[Tutor] Parsing problem

Mon Jul 25 17:16:09 CEST 2005

Liam -

I made some changes and timed them, I think this problem is solvable.  (All
timings are done using your data, on a P4 800MHz laptop.)

1. Baseline, the current state, in the parser code you sent me:

bracketGroup << ( pp.Group( LBRACE + ( pp.empty ^ pp.OneOrMore(assignment) ^
pp.OneOrMore(identifier) ^ pp.OneOrMore(pp.dblQuotedString) ^
pp.OneOrMore(number) ^ pp.OneOrMore(bracketGroup) ) + RBRACE ) )

Time: 02:20.71 (mm:ss.sss)

Just for general edification, '^' means Or, and it will evaluate all the
alternatives and choose the longest match (in regexp docs, this is sometimes
referred to as "greedy" matching); '|' means MatchFirst, and it will only
evaluate alternatives until it finds a match (which I refer to as "eager"
matching).  In the past, I've had only slight results converting '^' to '|',
but since this is a recursive expression, evaluating all of the possible
alternatives can involve quite a bit of processing before selecting the
longest.

2. Convert to '|', replace empty with ZeroOrMore:

bracketGroup << ( pp.Group( LBRACE + pp.ZeroOrMore( assignment | identifier
| pp.dblQuotedString | number | bracketGroup ) + RBRACE ) )

Time: 00:14.57

This is getting us somewhere!  Replaced empty and OneOrMore's with a single
ZeroOrMore, and changed from '^' to '|'.  Since there is no overlap of the
various alternatives *in their current order*, it is safe to use '|'. (This
would not be the case if assignment came after identifier - this should be a
hint on how to resolve the 'empty' problem.)  One problem with this
expression is that it will permit mixed bracket groups, such as { "A" 10
b=1000 {} }.

3. Go back to baseline, change '^' to '|', *and put empty at the end*

bracketGroup << ( pp.Group( LBRACE + ( pp.OneOrMore(assignment) |
pp.OneOrMore(identifier) | pp.OneOrMore(pp.dblQuotedString) |
pp.OneOrMore(number) | pp.OneOrMore(bracketGroup) | pp.empty ) + RBRACE ) )

Time: 00:12.04

Best solution yet!  This is faster than #2, since, once a match is made on
the first term within  a bracketGroup, all others in the group are expected
to be the same type.  Since '|' means "take first match", we resolve empty's
"accept anything" behavior simply by putting it at the end of the list.

4. Make change in #3, also convert '^' to '|' in RHS.

RHS << ( pp.dblQuotedString | identifier | number | bracketGroup )

Time: 00:01.15

Voila!  I'm happy to say, this is the first time I've seen a 100X
improvement, mostly by replacing '^' by '|'.  While this is not *always*
possible (see the CORBA IDL parser in the examples directory), it is worth
the effort, especially with a recursive expression.

The one item to be wary of when using '|' is when expressions mask each
other.  The easiest example is when trying to parse numbers, which may be
integers or reals.  If I write the expression as (assuming that integers
will match a sequence of digits, and reals will match digits with a decimal
point and some more digits):

number = (integer | real)

I will never match a real number!

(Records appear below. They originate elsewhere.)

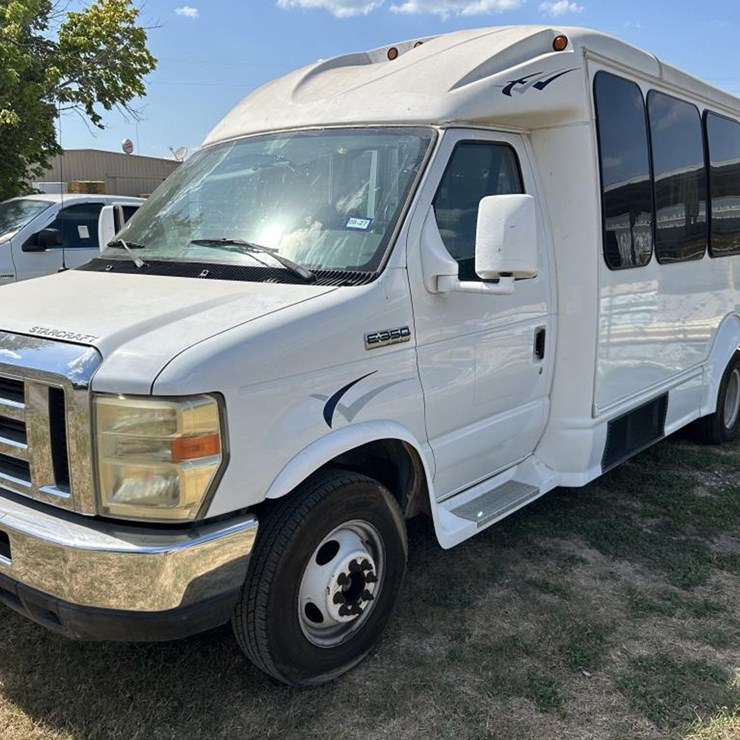 2008 FORD E350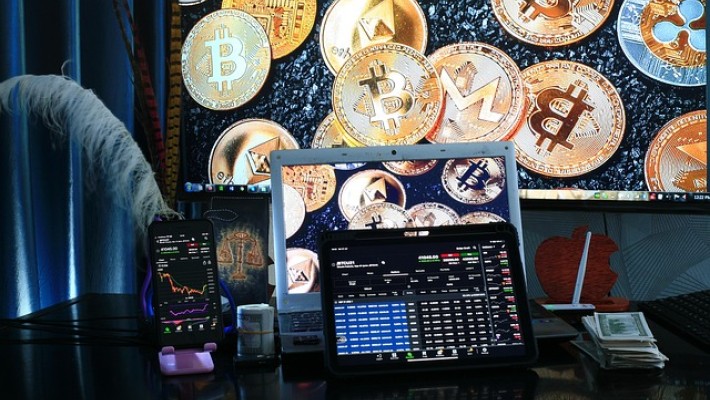 Navigating the World of Currency and Trading
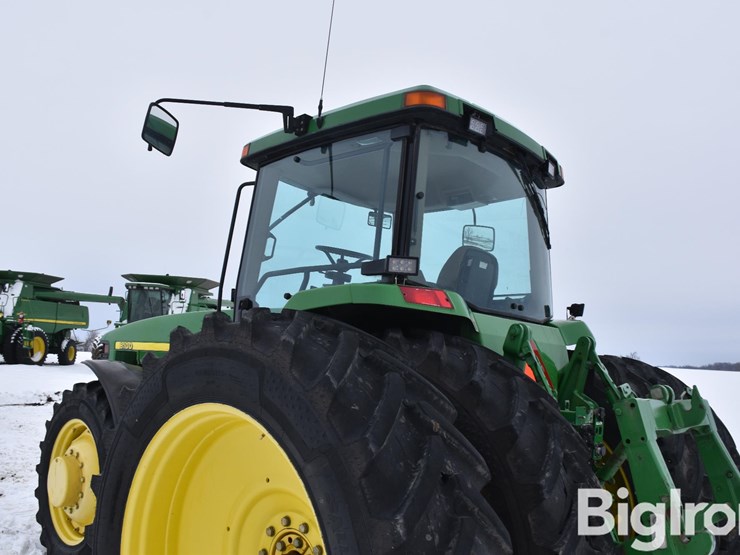 john-deere-8100-image-15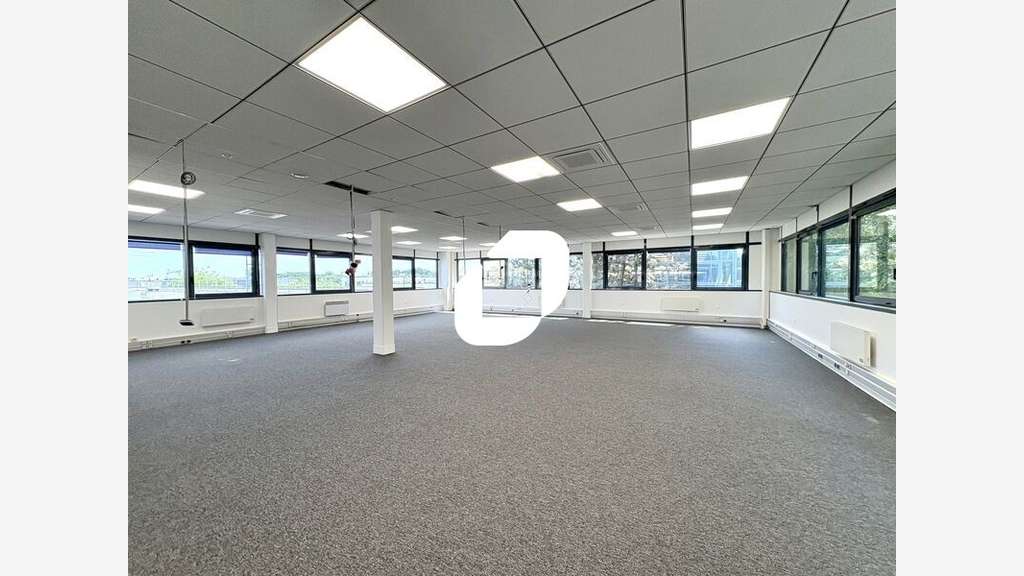A louer Bureaux 343m² Saclay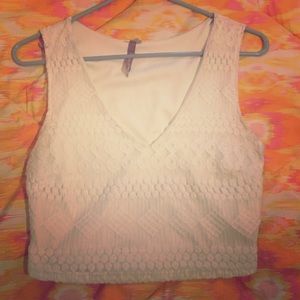 White v neck crop top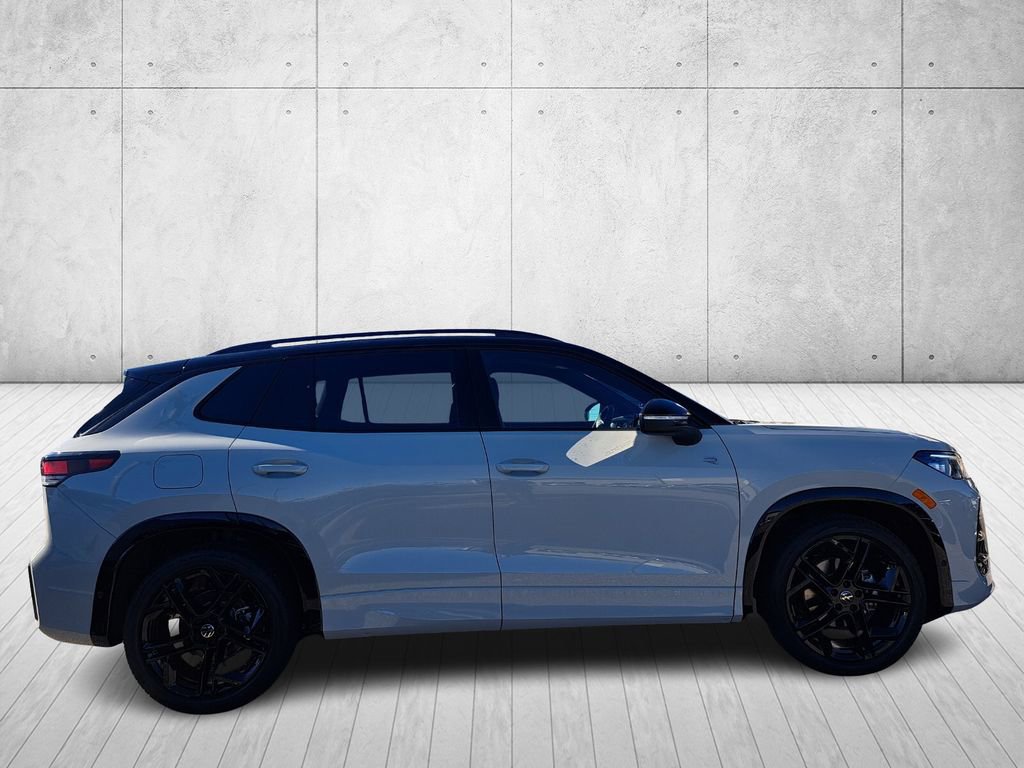 New 2026 Volkswagen Tiguan SE R-Line image 4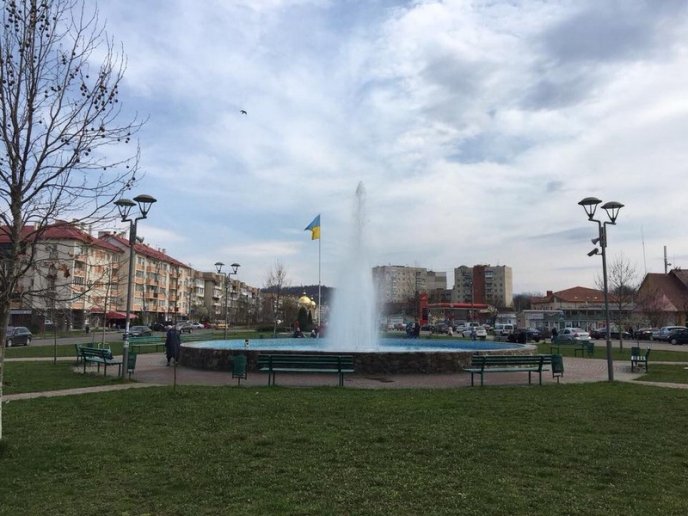 У Мукачеві запрацювали фонтани – 02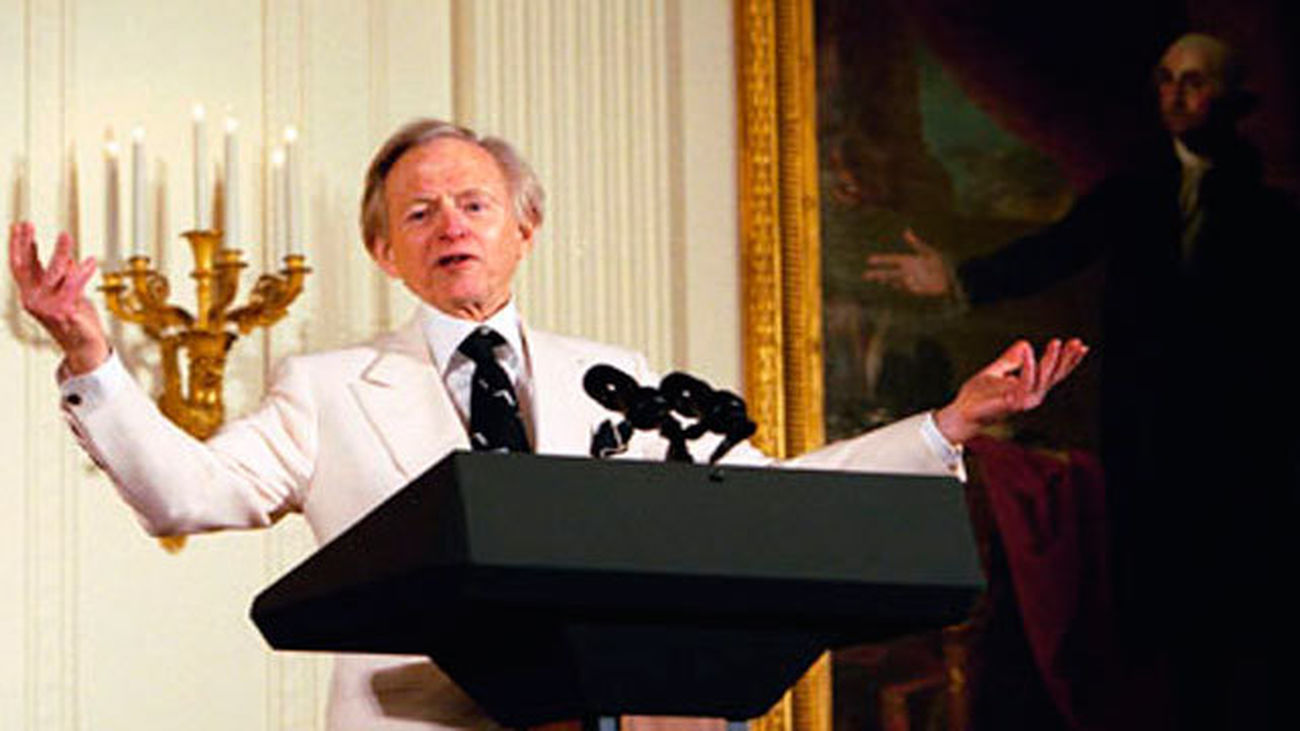 El escritor estadounidense Tom Wolfe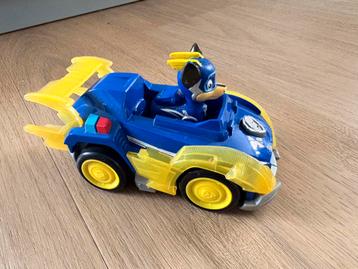 Groot voertuig Paw Patrol Chase beschikbaar voor biedingen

The integer expression "masks" the real,
and since it occurs first, it will match first.  The two solutions are:

number = (integer ^ real)
Or
number = (real | integer)

That is, use an Or, which will match the longest, or reorder the MatchFirst
to put the most restrictive expression first.

Welcome to pyparsing, please let me know how your project goes!

-- Paul

-----Original Message-----
From: Liam Clarke [mailto:cyresse at gmail.com] 
Sent: Monday, July 25, 2005 8:31 AM
To: Paul McGuire
Subject: Re: [Tutor] Parsing problem

Hi Paul, 

I've attached the latest version. It includes my sample data within the
file. The sample data came in at 8 minutes 32 seconds without Pysco, 5
minutes 25 with, on a  650MHz Athlon.

I was pondering whether breaking the test data down into separate bits via
some preprocessing and feeding the simpler data structures in would help at
all.

Unfortunately, as I'm using pp.empty to deal with empty bracket sets (which
were causing my 'expected "}" ' exceptions), using | matches to pp.empty
first. 

I'm not sure how to get around the empty brackets without using that.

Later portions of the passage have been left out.